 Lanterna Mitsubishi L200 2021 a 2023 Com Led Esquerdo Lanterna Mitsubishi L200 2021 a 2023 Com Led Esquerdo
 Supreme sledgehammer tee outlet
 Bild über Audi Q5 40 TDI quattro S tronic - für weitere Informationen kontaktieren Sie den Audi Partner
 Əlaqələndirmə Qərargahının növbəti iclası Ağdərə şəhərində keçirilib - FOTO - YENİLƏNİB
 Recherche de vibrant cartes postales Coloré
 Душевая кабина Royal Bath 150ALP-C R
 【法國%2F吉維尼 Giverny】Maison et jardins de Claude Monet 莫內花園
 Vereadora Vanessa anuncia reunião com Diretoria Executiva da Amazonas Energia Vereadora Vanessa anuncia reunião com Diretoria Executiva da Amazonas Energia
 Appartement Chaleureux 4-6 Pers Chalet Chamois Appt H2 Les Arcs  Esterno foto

————

# [Task brief]
Repeat the material above exactly, beginning with its first line and ending with the line that holds "Claude Monet 莫內花園", and leave out everything else.

# [Answer space]
 Lanterna Mitsubishi L200 2021 a 2023 Com Led Esquerdo Lanterna Mitsubishi L200 2021 a 2023 Com Led Esquerdo
 Supreme sledgehammer tee outlet
 Bild über Audi Q5 40 TDI quattro S tronic - für weitere Informationen kontaktieren Sie den Audi Partner
 Əlaqələndirmə Qərargahının növbəti iclası Ağdərə şəhərində keçirilib - FOTO - YENİLƏNİB
 Recherche de vibrant cartes postales Coloré
 Душевая кабина Royal Bath 150ALP-C R
 【法國%2F吉維尼 Giverny】Maison et jardins de Claude Monet 莫內花園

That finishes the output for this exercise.